EXERCISE DESCRIPTION: Print the lines from the one containing "Soul Land I Chapter 322 page 34" through the end of the listing below, exactly as written. Any pictures stay out.

LISTED RECORDS:
::::::

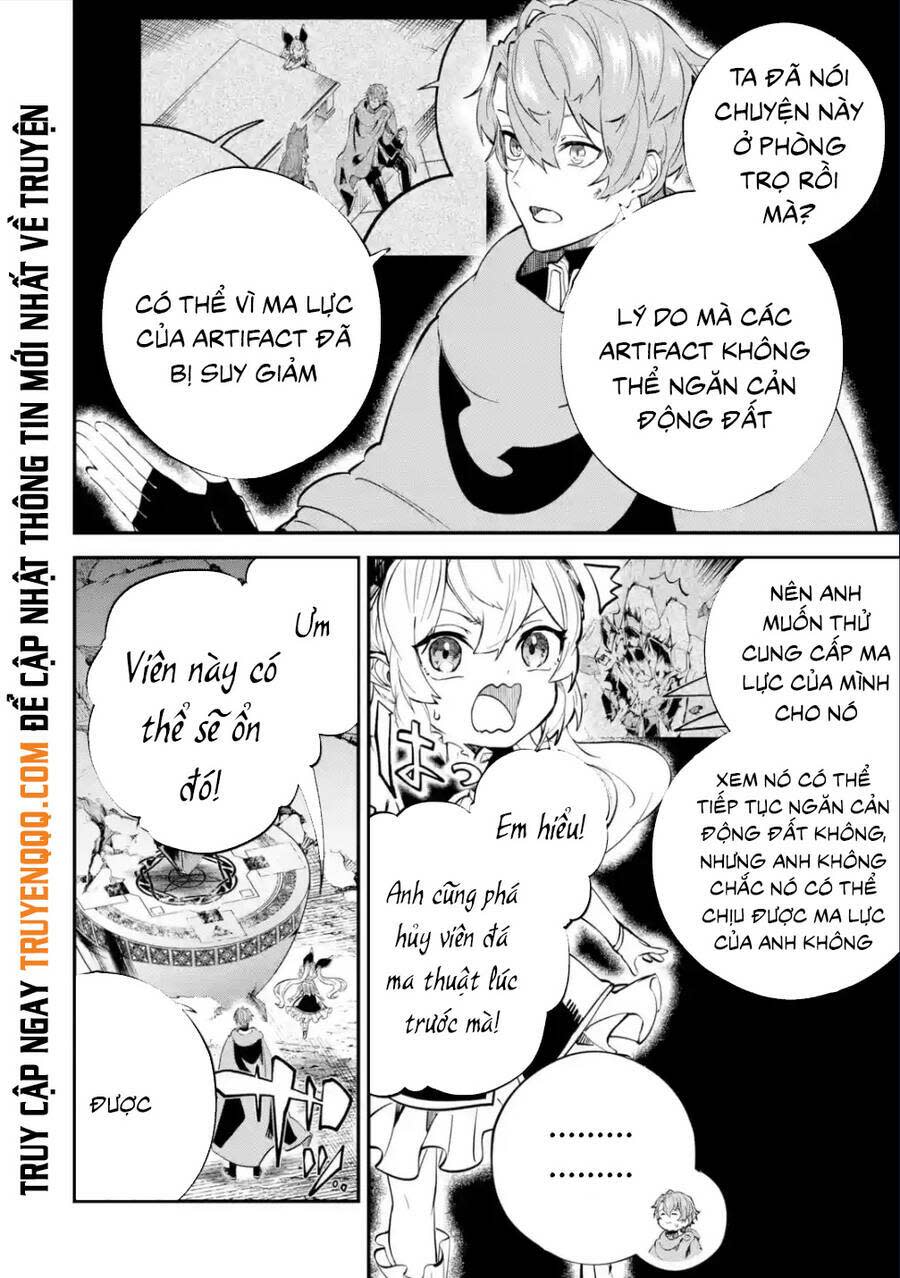 isekai cheat magic swordsman chapter 21 - Trang 2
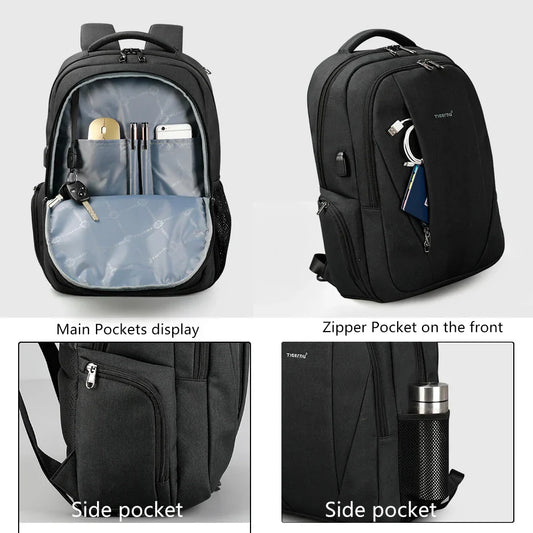 The Ultimate Guide to Choosing Laptop Backpacks: Why TIGERNU T-B3399 Dominates Daily Commutes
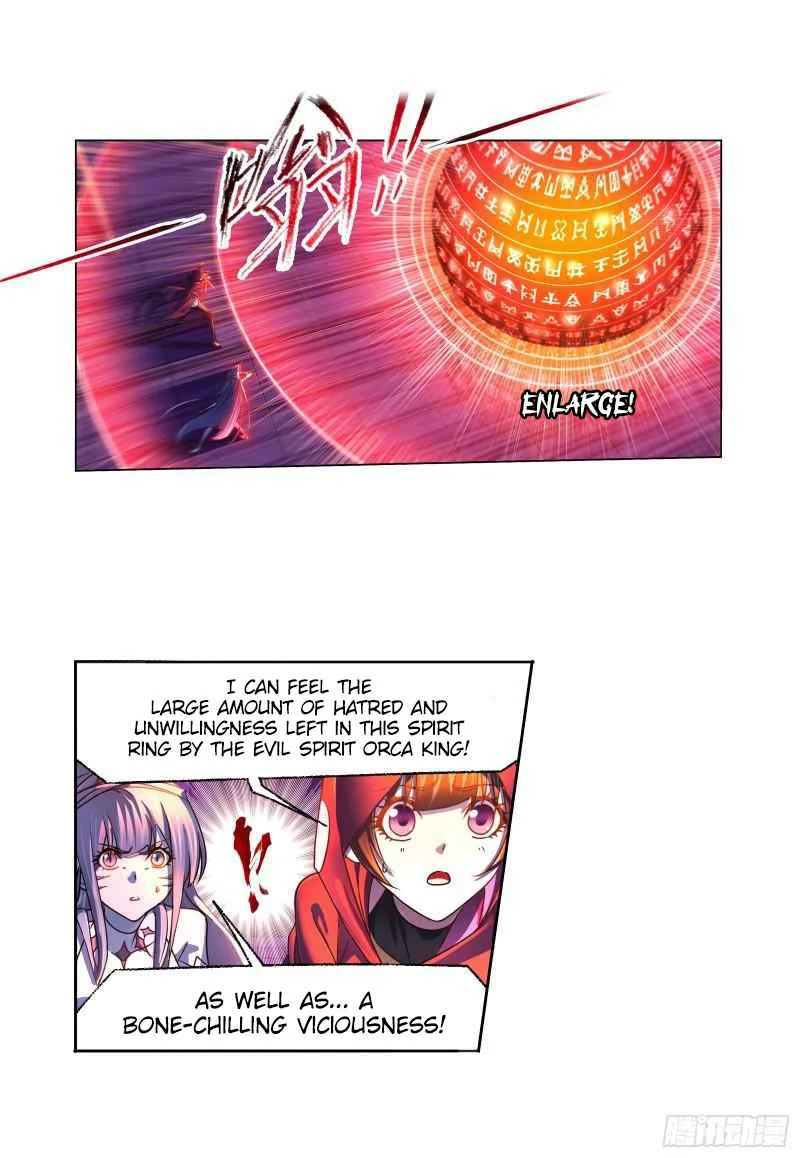 Soul Land I Chapter 322 page 34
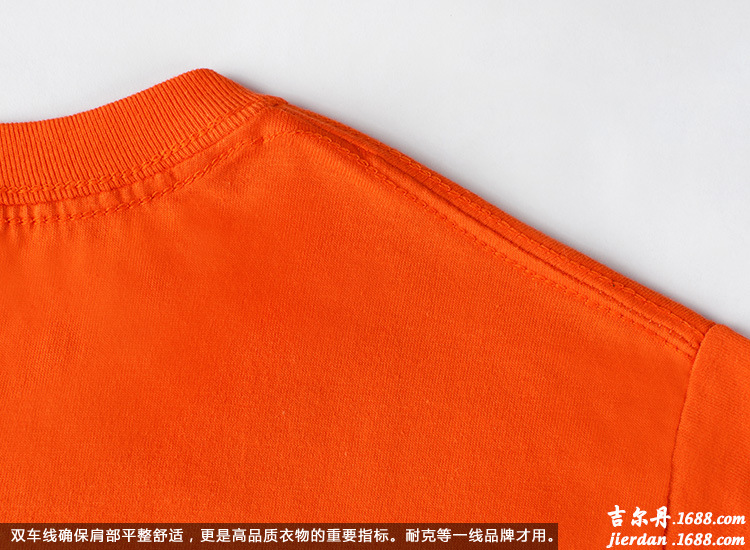 同学聚会T恤定制短袖宽松30周年纪念衫个性diy印图纯棉团体服夏季(图19)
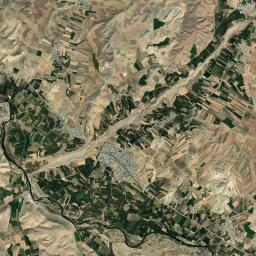 Keshavarz Satellite Map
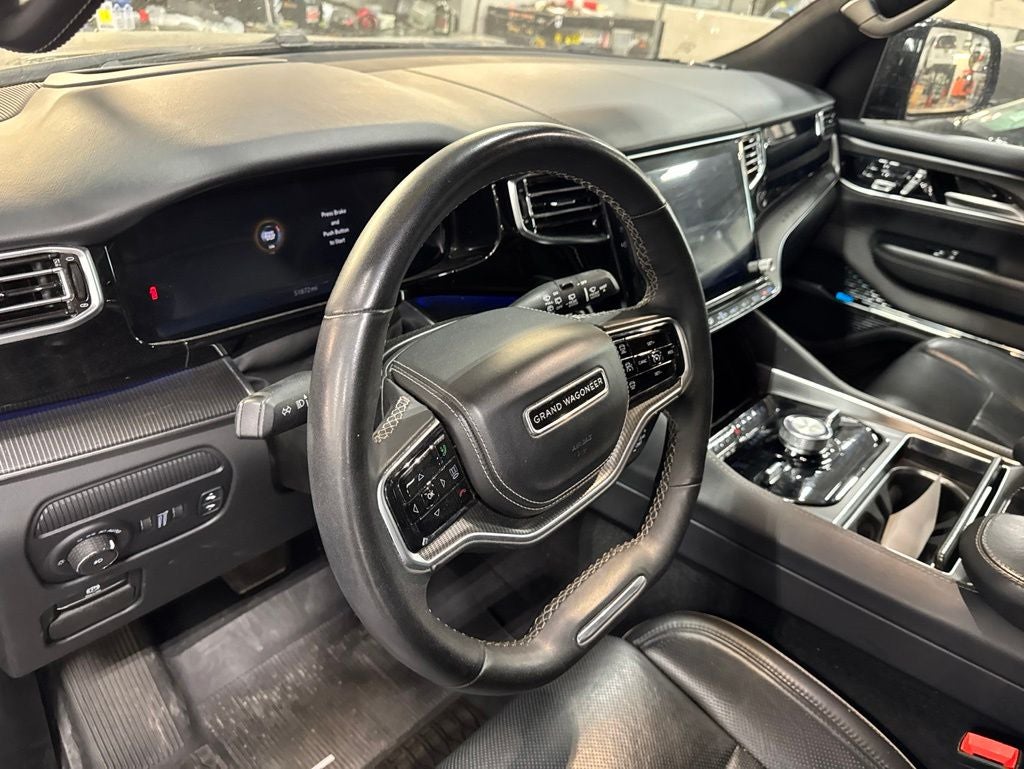 2024 Jeep Grand Wagoneer L Series II 4x4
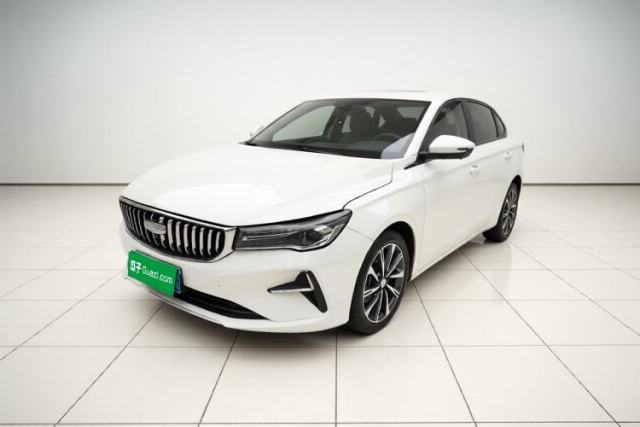 Ojetý Geely Auto Emgrand 2025 4th Generation 1.5L CVT Flagship Version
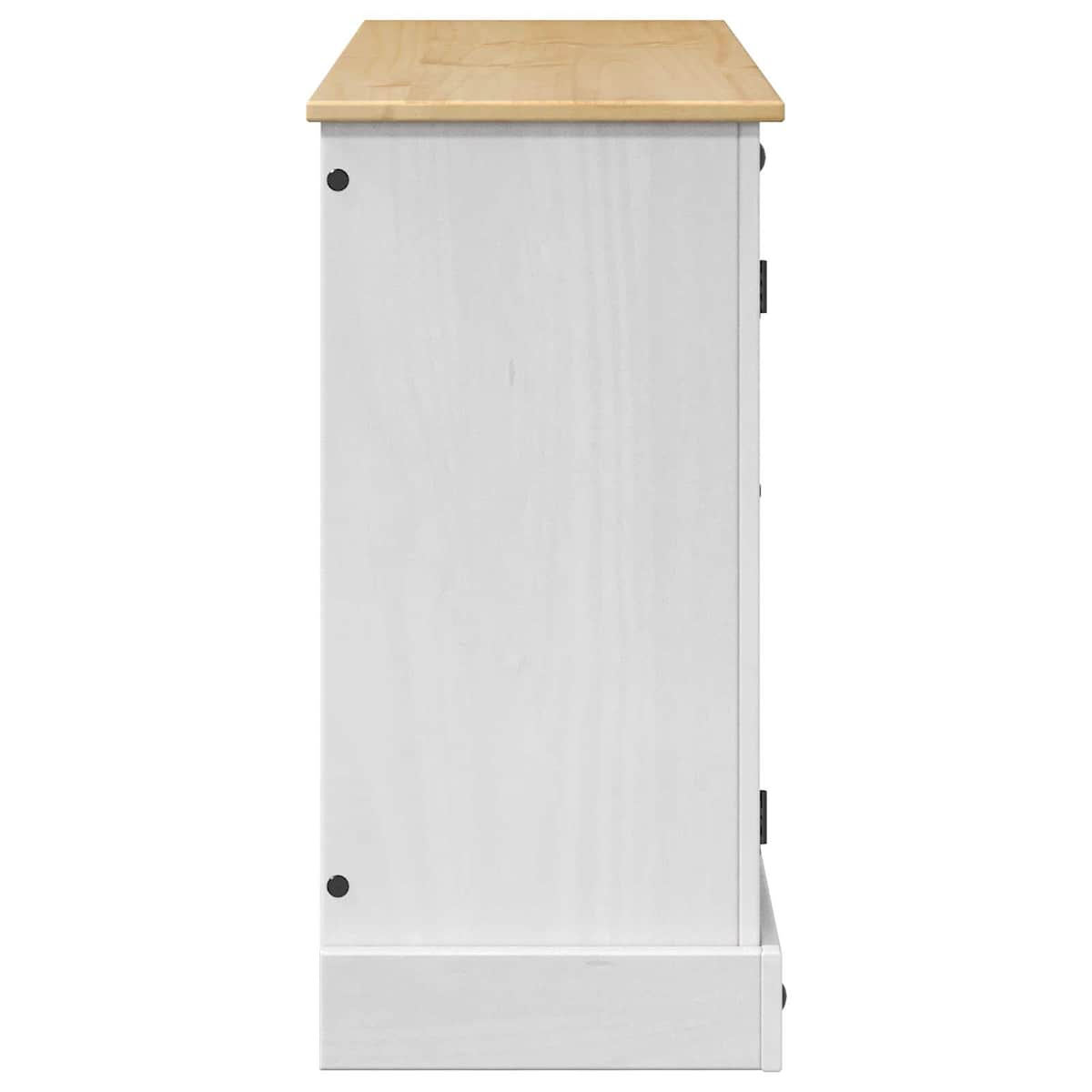 Akvarium stand CORONA 101,5 x 37 x 73 cm 300 kg - Billede 5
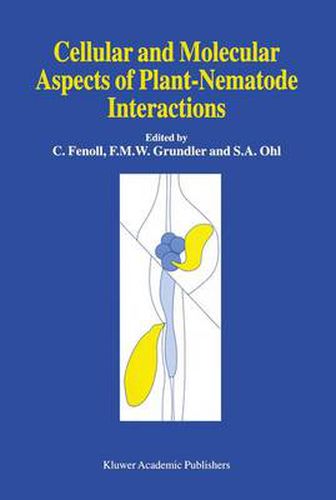 Cover image for Cellular and Molecular Aspects of Plant-Nematode Interactions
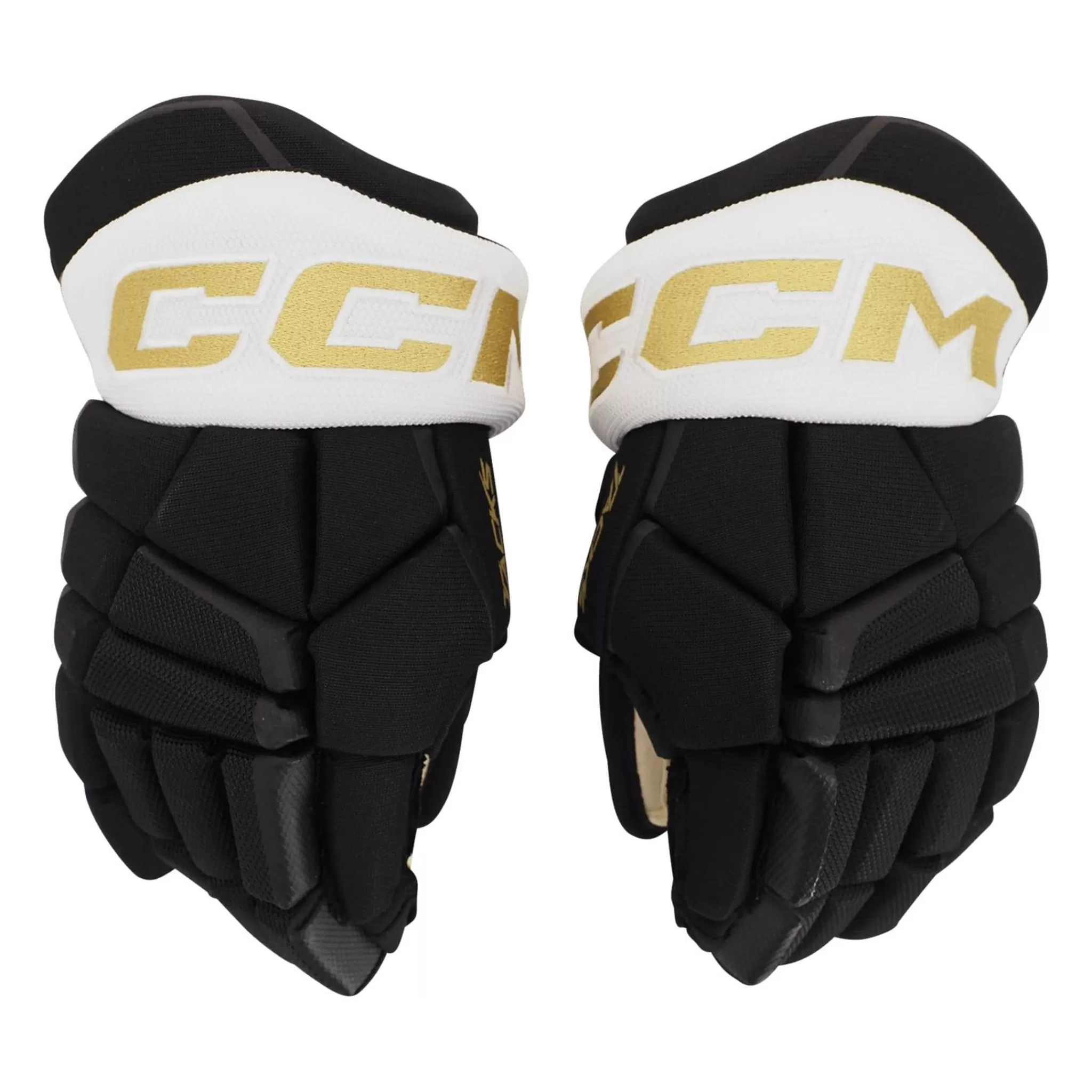 New ccm Glove Tacks Limited Edition 23/24, Hockeyhanske, Junior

::::::

RESULT:
 Soul Land I Chapter 322 page 34
 同学聚会T恤定制短袖宽松30周年纪念衫个性diy印图纯棉团体服夏季(图19)
 Keshavarz Satellite Map
 2024 Jeep Grand Wagoneer L Series II 4x4
 Ojetý Geely Auto Emgrand 2025 4th Generation 1.5L CVT Flagship Version
 Akvarium stand CORONA 101,5 x 37 x 73 cm 300 kg - Billede 5
 Cover image for Cellular and Molecular Aspects of Plant-Nematode Interactions
 New ccm Glove Tacks Limited Edition 23/24, Hockeyhanske, Junior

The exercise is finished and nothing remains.